TikTok has agreed to transfer its U.S. operations to a consortium of American investors in a deal reported by Axios and confirmed to CBS News. The transaction aims to comply with a U.S. divest-or-ban law by creating a U.S.-based joint venture with majority American ownership and a board. Oracle, Silver Lake and Abu Dhabi-based MGX are reported to hold about 45% collectively, while ByteDance would retain under 20%. Critics say the agreement may not fully prevent ByteDance from influencing TikTok's recommendation algorithm.
TikTok Agrees to Sell U.S. Operations to American-Led Consortium Ahead of Divestment Deadline

Washington — TikTok has reached an agreement to transfer its U.S. operations to a consortium of American investors, a source familiar with the negotiations told CBS News. Axios first reported the deal.
The move responds to a law passed last year that requires ByteDance, TikTok's China-based parent company, to divest its U.S. business or face removal from American app stores and web-hosting platforms. The statute originally set a January 2025 deadline; the White House has extended the enforcement date several times, most recently to Jan. 23, 2026.

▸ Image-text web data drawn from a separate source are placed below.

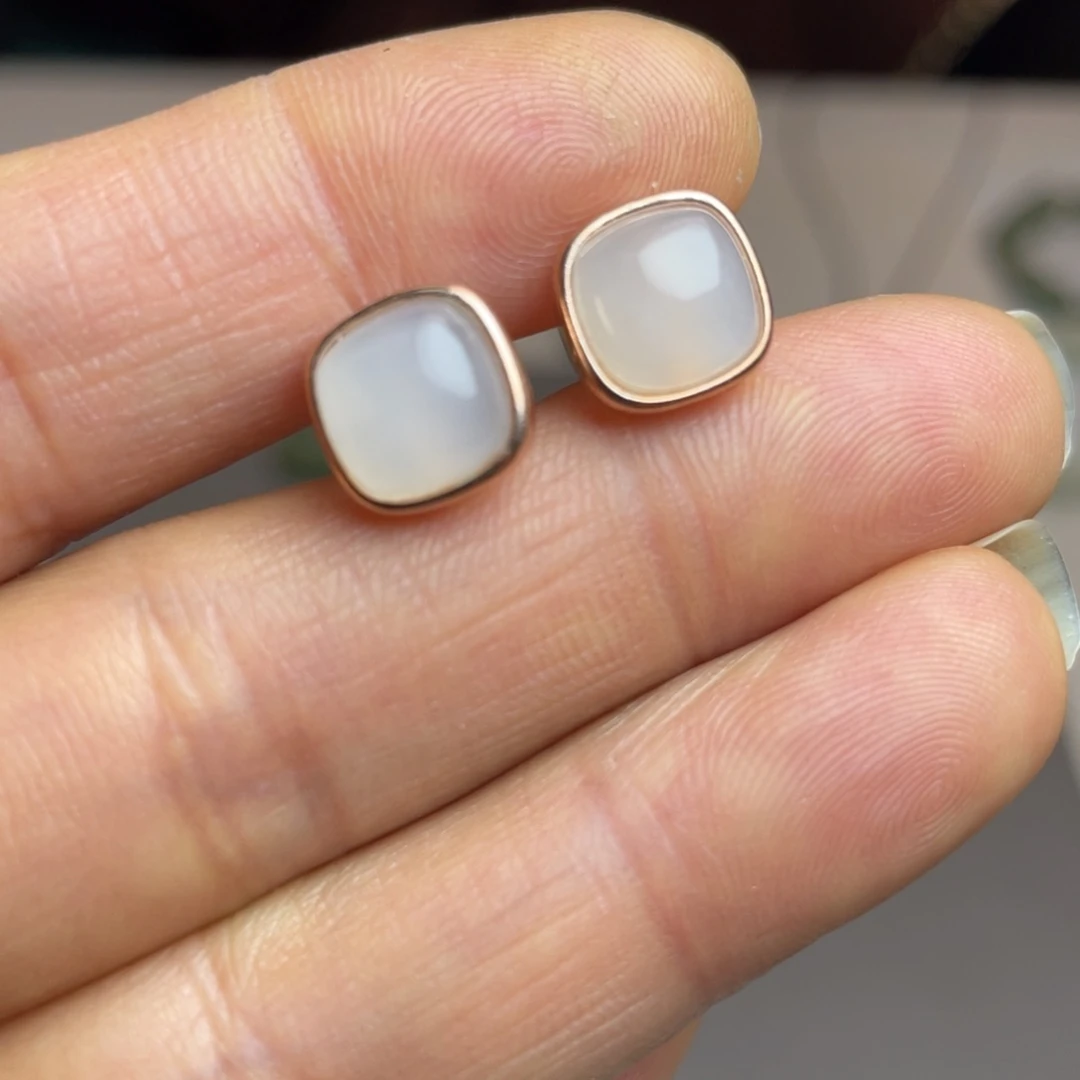 和田玉颈饰银S925镶嵌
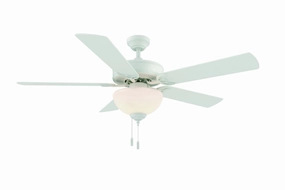 Dalton 52"Ceiling Fan White quiet medium fans for living room use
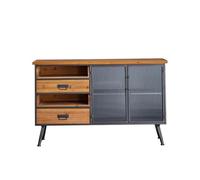 ADERFETBI Aparador Aparador Retro Nórdico De Hierro Forjado, Mueble De Entrada con Personalidad Antigua, Mueble Lateral For Sofá Y Sala De Estar Aparadores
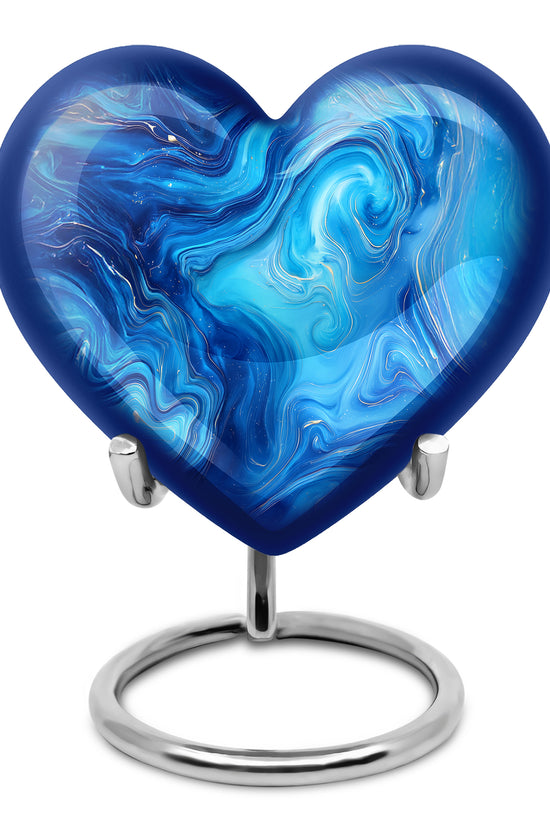 Regal Blue Memorial Cremation Urns - Teal 10-inch, 200 cu in - Karyliz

Deal Structure and Security Safeguards
Under the proposed arrangement, the transaction would create a U.S.-based joint venture with majority ownership by American investors and a majority-American board of directors. The White House said ByteDance and its affiliates would hold less than 20% of the new entity to comply with the divest-or-ban law.
A senior White House official said the plan calls for ByteDance's recommendation algorithm — the system that personalizes TikTok's feed — to be copied and retrained so it runs exclusively on data from U.S. users. Cloud-computing firm Oracle is expected to host U.S. user data and review the app's code to confirm the algorithm is operating appropriately and that user data is secure.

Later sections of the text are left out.